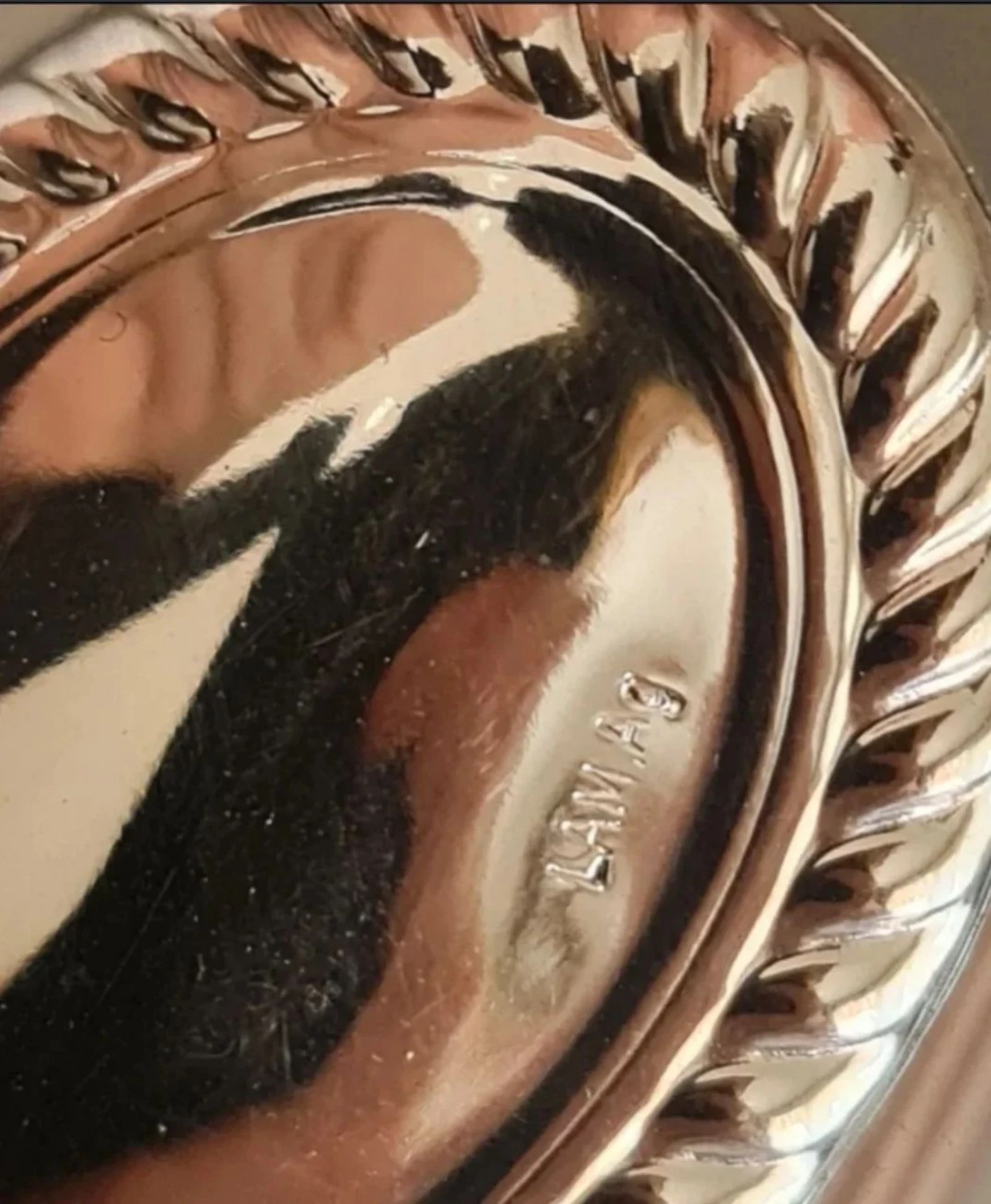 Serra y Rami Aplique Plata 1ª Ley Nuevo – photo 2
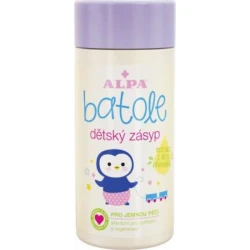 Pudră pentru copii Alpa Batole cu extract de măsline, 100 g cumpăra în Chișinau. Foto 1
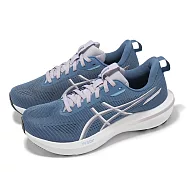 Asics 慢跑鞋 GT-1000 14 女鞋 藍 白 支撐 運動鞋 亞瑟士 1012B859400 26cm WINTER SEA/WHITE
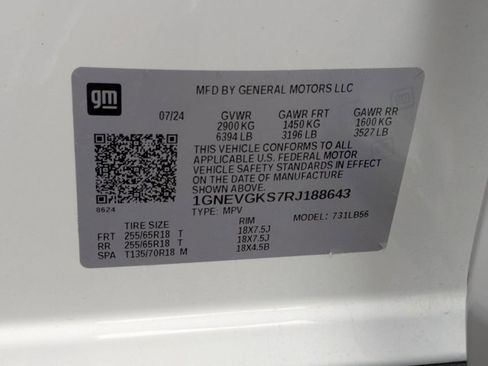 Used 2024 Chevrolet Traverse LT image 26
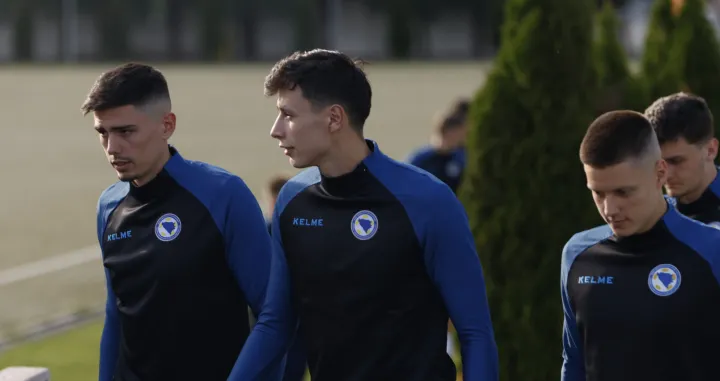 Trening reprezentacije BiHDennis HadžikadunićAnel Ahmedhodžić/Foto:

+-------+

# EXERCISE BRIEF
Give the material above again exactly as it stands, minus any images.

# SOLUTION BELOW
 Serra y Rami Aplique Plata 1ª Ley Nuevo – photo 2
 Pudră pentru copii Alpa Batole cu extract de măsline, 100 g cumpăra în Chișinau. Foto 1
 Asics 慢跑鞋 GT-1000 14 女鞋 藍 白 支撐 運動鞋 亞瑟士 1012B859400 26cm WINTER SEA/WHITE
 Used 2024 Chevrolet Traverse LT image 26
 Trening reprezentacije BiHDennis HadžikadunićAnel Ahmedhodžić/Foto:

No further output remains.